** RECORDS FOR THE EXERCISE follows **

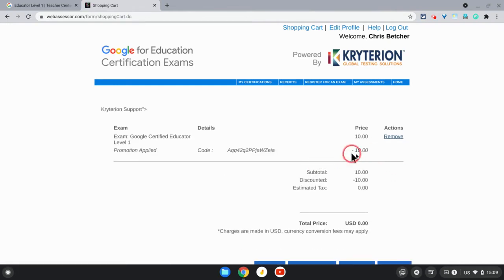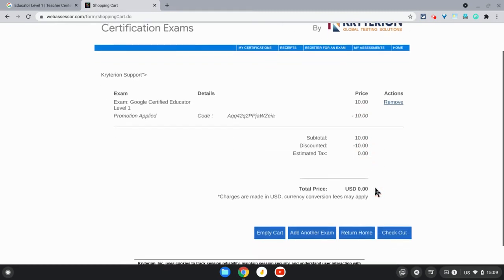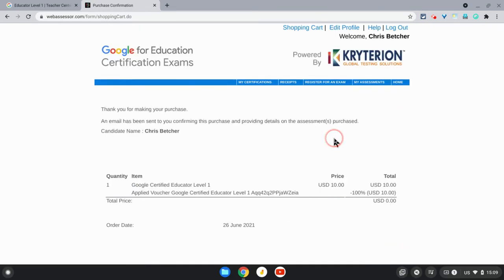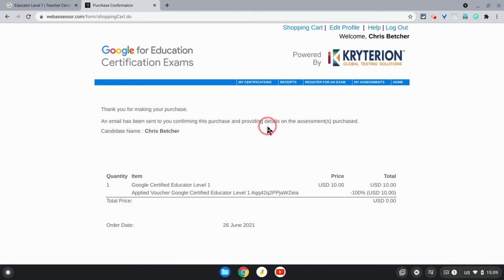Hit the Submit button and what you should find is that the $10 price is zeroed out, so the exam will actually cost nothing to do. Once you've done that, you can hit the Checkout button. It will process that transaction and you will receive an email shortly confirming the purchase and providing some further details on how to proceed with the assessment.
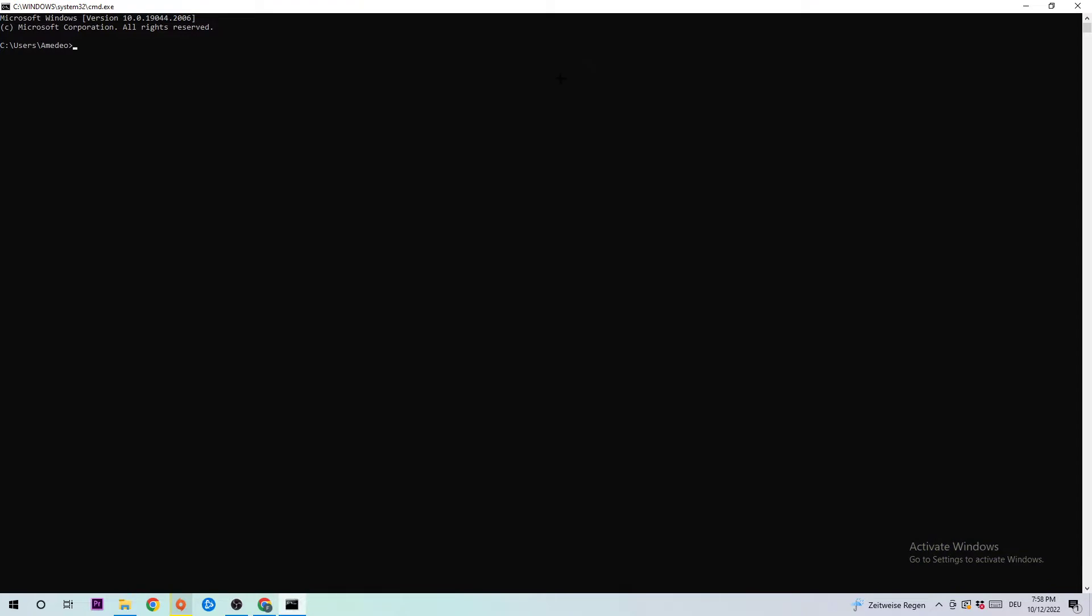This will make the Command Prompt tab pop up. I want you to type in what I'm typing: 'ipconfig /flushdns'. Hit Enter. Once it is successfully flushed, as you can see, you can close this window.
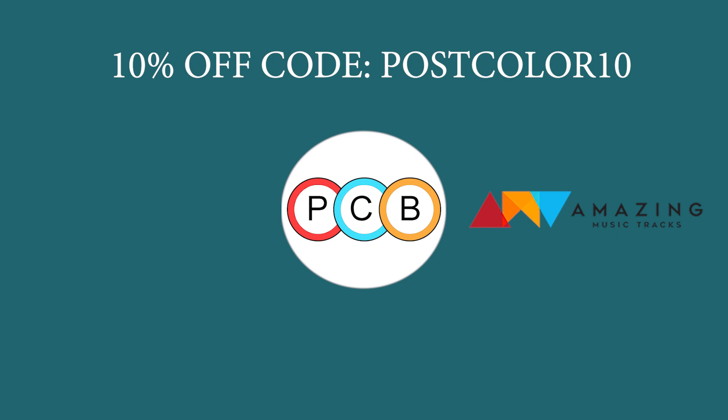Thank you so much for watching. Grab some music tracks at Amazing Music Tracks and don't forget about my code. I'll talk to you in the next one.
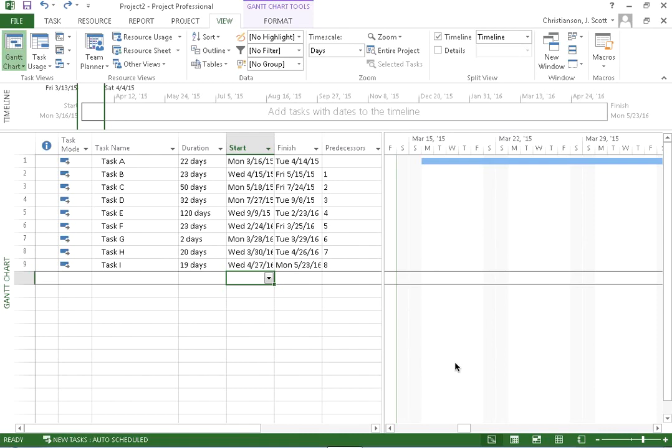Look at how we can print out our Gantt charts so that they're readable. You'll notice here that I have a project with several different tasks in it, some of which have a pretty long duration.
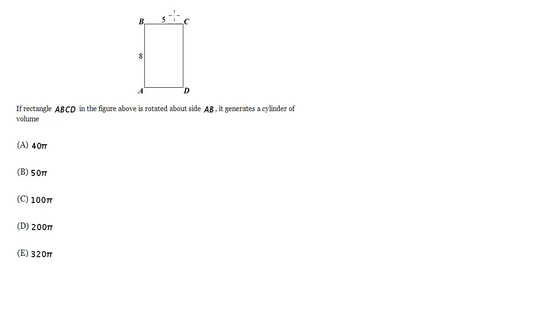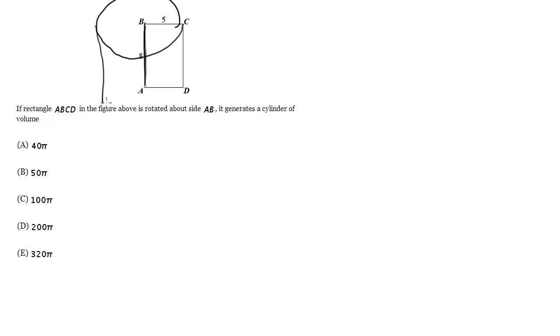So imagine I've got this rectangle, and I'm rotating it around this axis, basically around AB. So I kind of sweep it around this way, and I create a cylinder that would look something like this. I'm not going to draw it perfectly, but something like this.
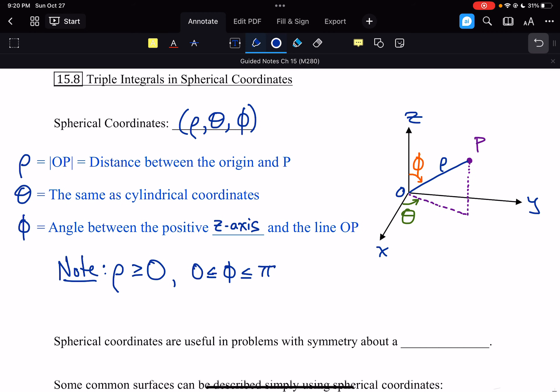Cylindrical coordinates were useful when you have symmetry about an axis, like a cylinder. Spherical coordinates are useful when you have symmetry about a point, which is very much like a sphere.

** End of RECORDS FOR THE EXERCISE **

_WORK INSTRUCTION_
Treating the line with "Look at how" as the last line to include, retype the records exactly from their first line, excluding pictures.

_OUTPUT FOR THIS TASK_
Hit the Submit button and what you should find is that the $10 price is zeroed out, so the exam will actually cost nothing to do. Once you've done that, you can hit the Checkout button. It will process that transaction and you will receive an email shortly confirming the purchase and providing some further details on how to proceed with the assessment.
This will make the Command Prompt tab pop up. I want you to type in what I'm typing: 'ipconfig /flushdns'. Hit Enter. Once it is successfully flushed, as you can see, you can close this window.
Thank you so much for watching. Grab some music tracks at Amazing Music Tracks and don't forget about my code. I'll talk to you in the next one.
Look at how we can print out our Gantt charts so that they're readable. You'll notice here that I have a project with several different tasks in it, some of which have a pretty long duration.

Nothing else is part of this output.